[lttng-dev] 'call_rcu' unstable?

Wed Dec 12 09:58:48 EST 2012

* zs (84500316 at qq.com) wrote:
> thanks Mathieu Desnoyers for the patience.
> 
> >- Did you ensure that you issue rcu_register_thread() at thread start of
> >  each of your threads ? And rcu_register_thread before returning from
> >  each thread ?
> Sure.
> 
> >- How is the list g_sslvpnctxlist[h] initialized ? 
> Here, is the way:
> I alloc and init 'g_sslvpnctxlist' in one process, and exec rcu_read_lock/unlock/call_rcu in another process(which create many rx/tx threads). 
>         if (sslvpn_shm_alloc(&shm) == -1) {
>                 syslog(LOG_ERR, "alloc share stats memory failed %s\n", strerror(errno));
>                 exit(-1);
>         }
>         g_sslvpnctxlist = (void *)shm.addr;
>         for (i = 0; i < sslvpn_max_users; i++)
>                  CDS_INIT_LIST_HEAD(&g_sslvpnctxlist[i]);
> It looks strange, that someone uses share-memory(created by mmap) to
> hold the 'g_sslvpnctxlist' (+_+);
> Later I will re-coding this part, not use share-memory. 
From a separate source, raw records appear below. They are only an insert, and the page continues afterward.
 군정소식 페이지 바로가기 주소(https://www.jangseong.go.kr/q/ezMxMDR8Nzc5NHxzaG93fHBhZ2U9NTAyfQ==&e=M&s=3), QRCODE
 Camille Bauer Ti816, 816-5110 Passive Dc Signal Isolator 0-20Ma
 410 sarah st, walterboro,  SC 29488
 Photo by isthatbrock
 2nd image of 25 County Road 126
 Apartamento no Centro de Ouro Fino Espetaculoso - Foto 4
A couple of things to keep in mind:

- the shm lists need to be initialized before being passed to the other
  process adding to them and deleting from them,
- you need to be aware that a synchronize_rcu() (or call_rcu())
  executing in the context of one process will not see the RCU read-side
  locks of another process. So while it should theoretically be OK
  to do cds_list_add_rcu() from one process and read data from another
  process, both data read and use of call_rcu/synchronize_rcu need to be
  performed within the same process, which might make reclaim more
  complicated. But I understand that you allocate list node, add,
  remove, and iterate all from the same process, and only initialize
  the list head from a different process, so this should be good.
> 
> Are there concurrent
> >  modifications of this list ? If yes, are they synchronized with a
> >  mutex ?
> I do not use mutex, because all the add/del are executing in one thread. 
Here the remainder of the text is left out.